» **DIRECTIONS FOR THIS TASK**: The answer is the line with "A hotel room" and every line after it to the end of the listing, retyped exactly. Pictures do not belong in it.

==== DATA RECORDS

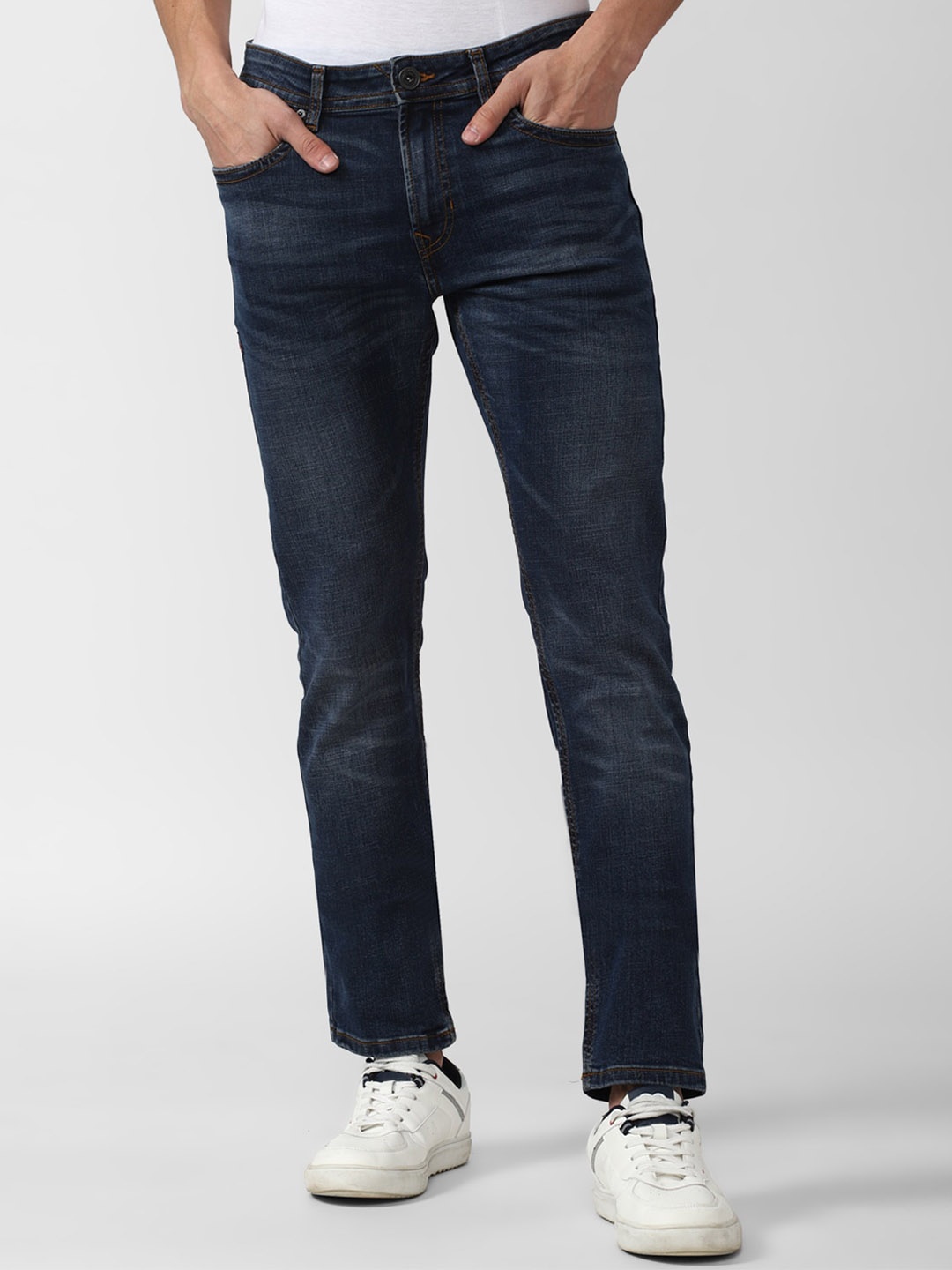 

Peter England Casuals Men Cotton Slim Fit Light Fade Jeans, Navy blue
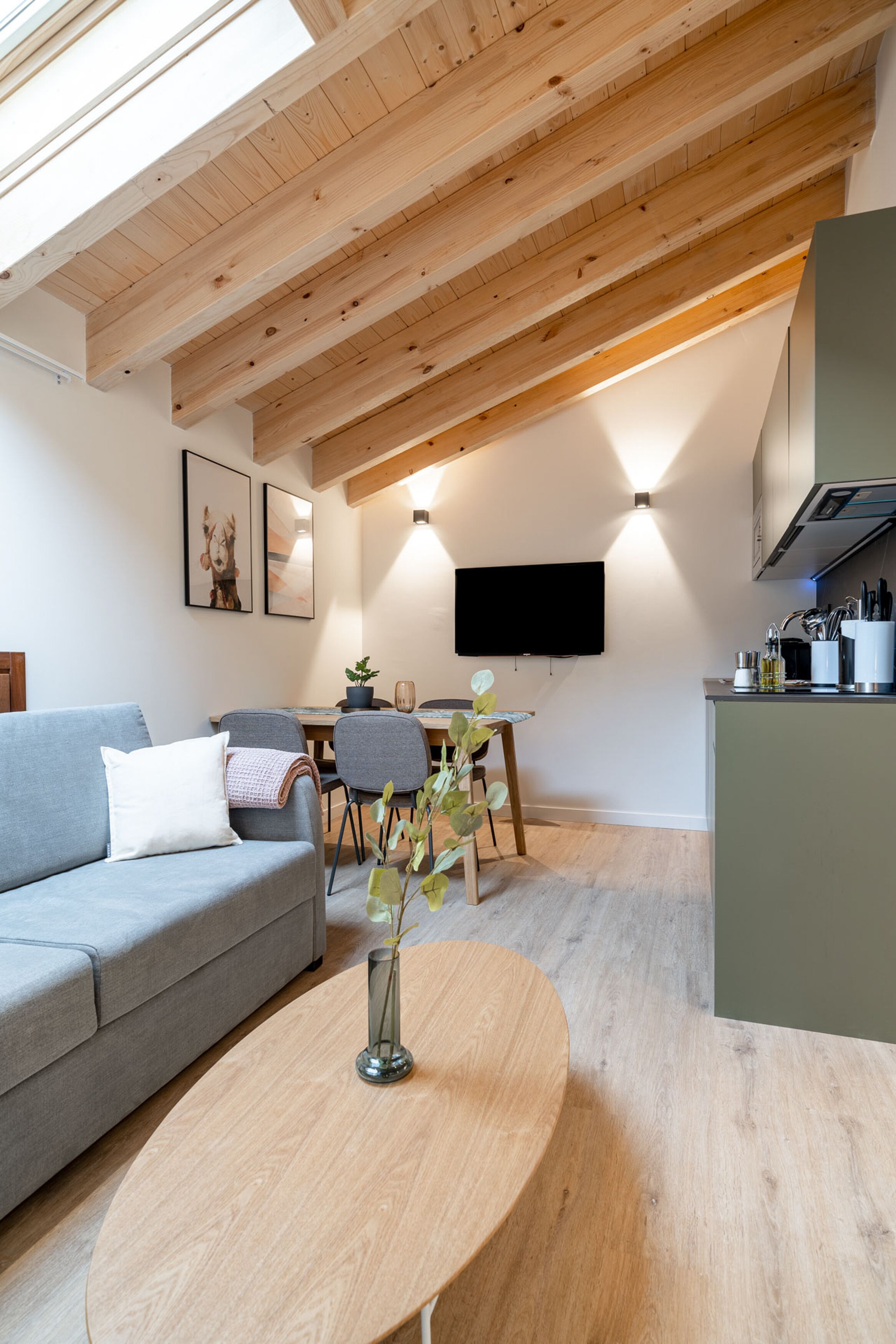 A modern living room with a grey sofa, a wooden coffee table, and a dining area with a TV and kitchen counter.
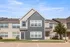 Charming suburban townhouse with modern grey and beige facade, large windows, and manicured lawns beneath a clear blue sky.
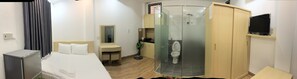 A hotel room with a bed, a desk, a mirror, a wardrobe, and a shower. - Quoc Minh Apartment (Nha Trang)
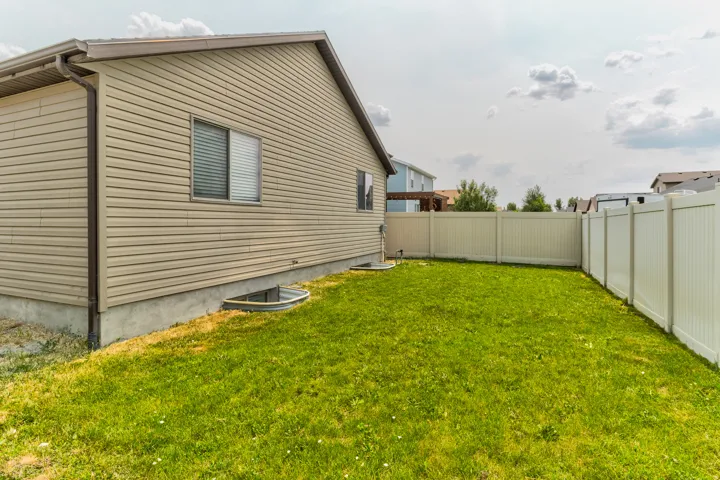 Expansive lawn bordered by a vinyl privacy fence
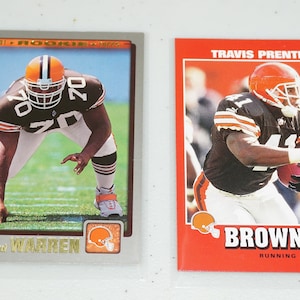 May include: Two football trading cards. One card features Bernard Warren in a Browns uniform, labeled "2001 ROOKIE CARD." The other card shows Travis Prentice in a Browns uniform. Both cards have the Browns logo and team colors.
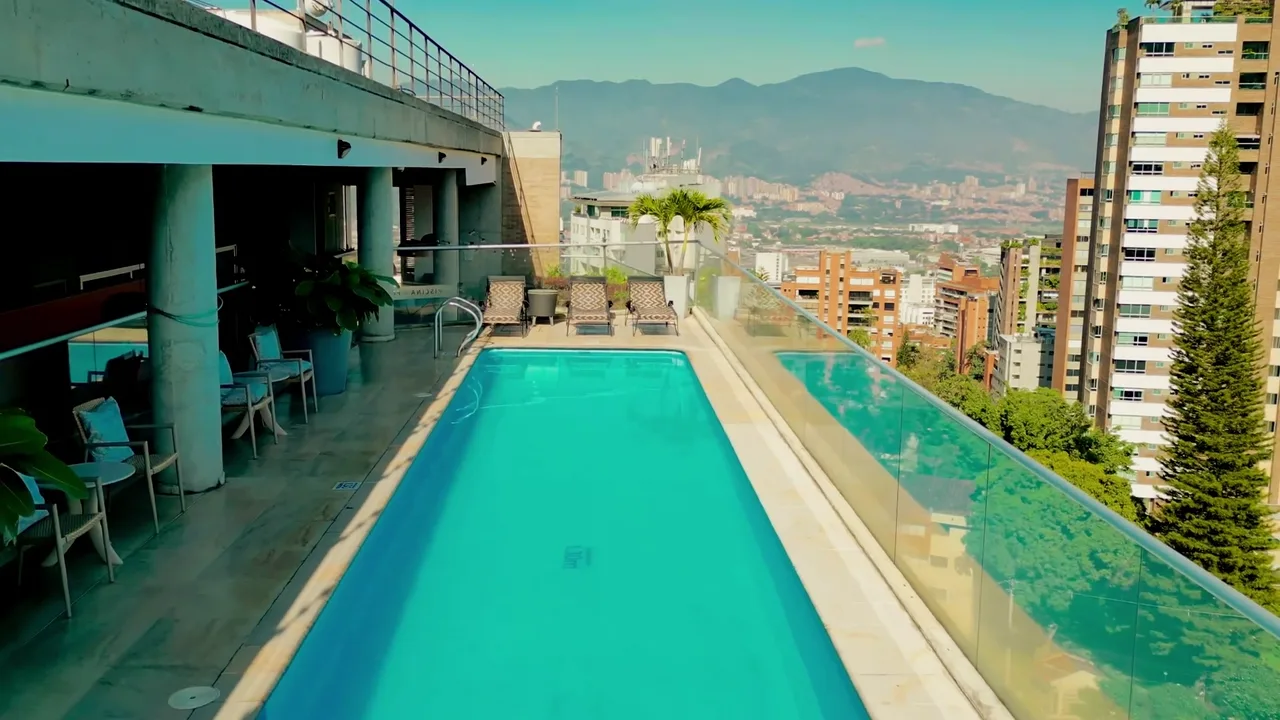 Rooftop pool at Soul Lifestyle Apartments overlooking El Poblado and the Medellín valley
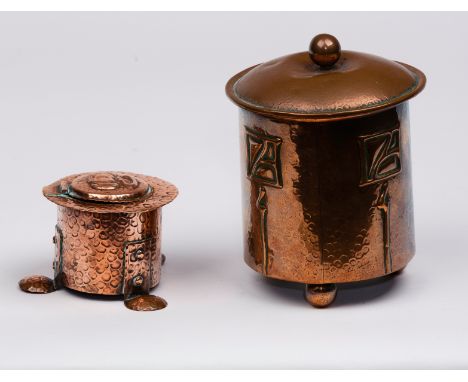 Arts & Crafts movement/A hammered copper inkwell, in the manner of F & J Pool of Hayle, Cornwall, on three shaped feet, with 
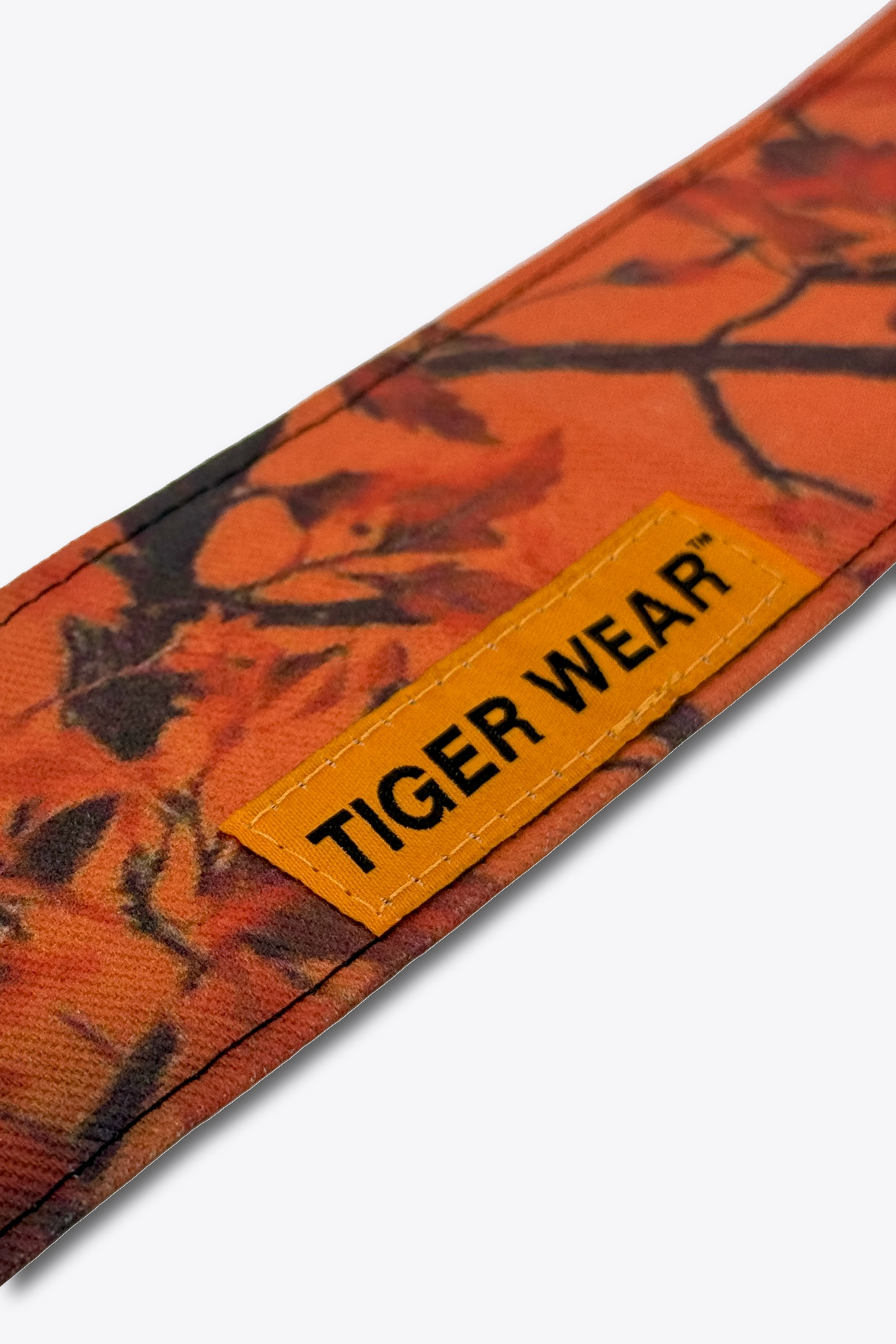Close up of the orange woven Tiger Wear label on the Opening Day headband, blaze orange leaf camo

========

» **EXPECTED ANSWER**:
 A hotel room with a bed, a desk, a mirror, a wardrobe, and a shower. - Quoc Minh Apartment (Nha Trang)
 Expansive lawn bordered by a vinyl privacy fence
 May include: Two football trading cards. One card features Bernard Warren in a Browns uniform, labeled "2001 ROOKIE CARD." The other card shows Travis Prentice in a Browns uniform. Both cards have the Browns logo and team colors.
 Rooftop pool at Soul Lifestyle Apartments overlooking El Poblado and the Medellín valley
 Arts & Crafts movement/A hammered copper inkwell, in the manner of F & J Pool of Hayle, Cornwall, on three shaped feet, with 
Close up of the orange woven Tiger Wear label on the Opening Day headband, blaze orange leaf camo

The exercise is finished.